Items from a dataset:

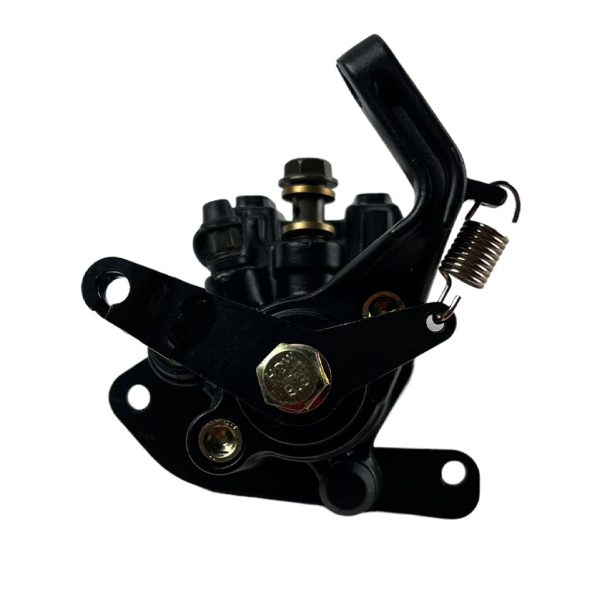 Brake Caliper - Rear - with Parking Brake for Go-Kart - Coleman BK150, BK200 Cheap - Image 5
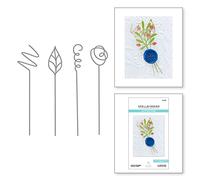 SPELLBINDERS Garabatos sellados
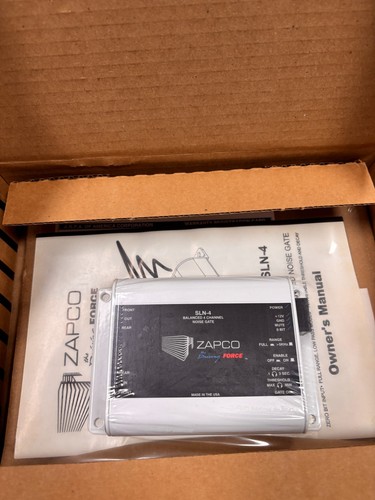 Zapco symbilink sln nos - sln-4,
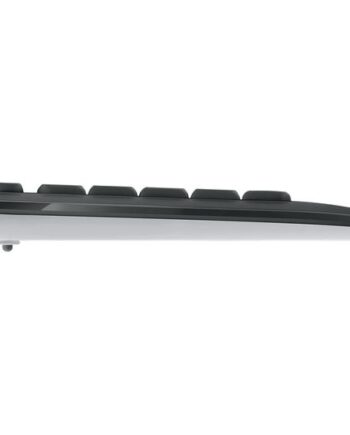 Logitech Mk540 Advanced Sæt Med Mus Og Tastatur Tysk Indgangsudstyr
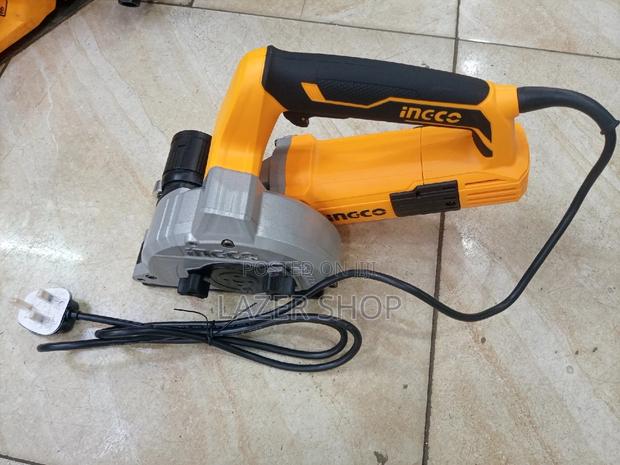 1500w INGCO Wall Chaser - main view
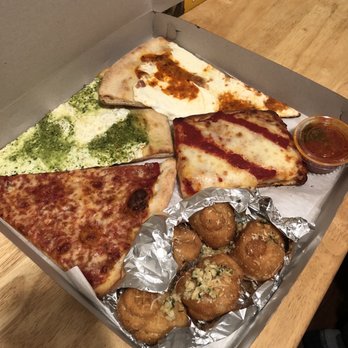 sLICe LIC - a whole box of yummy pizza goodness! - Italian Near Me - Long Island City, New York sLICe LIC - a whole box of yummy pizza goodness! - Italian Near Me - Long Island City, New York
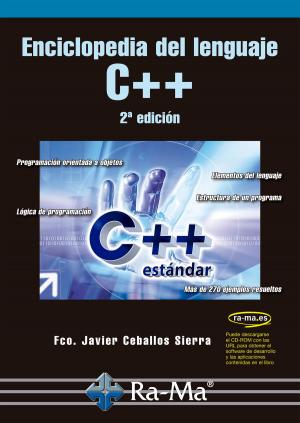 Cover of the book Enciclopedia del lenguaje C++. 2ª edición by Sangita Sardana
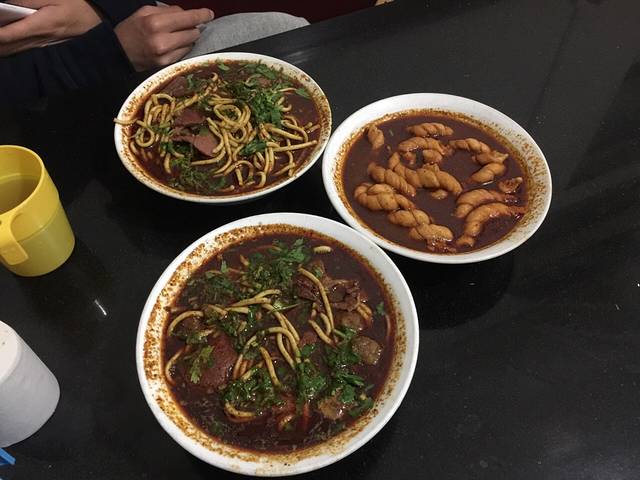 薛老五牛肉丸子面(南城分店)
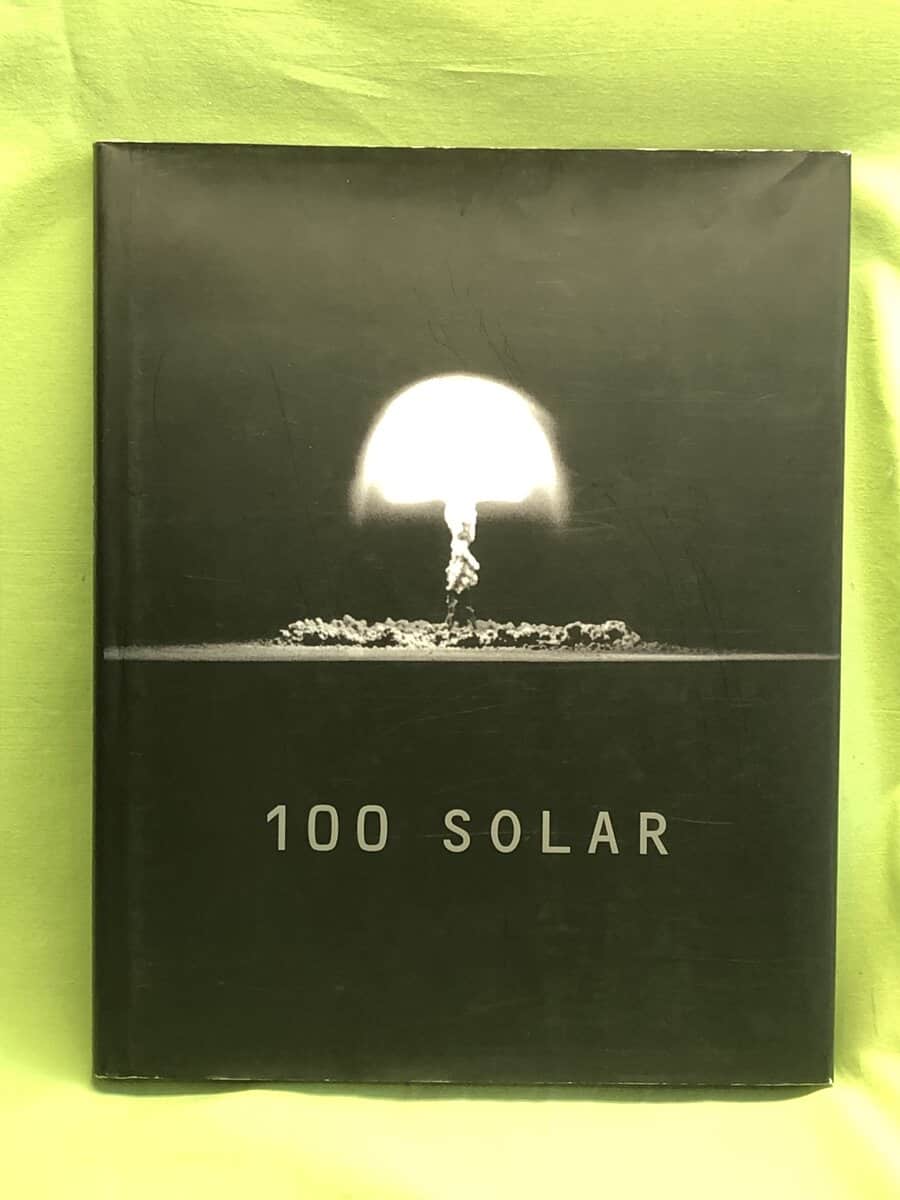 Michael Light : 100 solar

### EXERCISE DESCRIPTION
With pictures excluded, reproduce exactly the lines above from the one containing "SPELLBINDERS Garabatos sellados" down to the one containing "New York sLICe", those two included.

### RESPONSE
 SPELLBINDERS Garabatos sellados
 Zapco symbilink sln nos - sln-4,
 Logitech Mk540 Advanced Sæt Med Mus Og Tastatur Tysk Indgangsudstyr
 1500w INGCO Wall Chaser - main view
 sLICe LIC - a whole box of yummy pizza goodness! - Italian Near Me - Long Island City, New York sLICe LIC - a whole box of yummy pizza goodness! - Italian Near Me - Long Island City, New York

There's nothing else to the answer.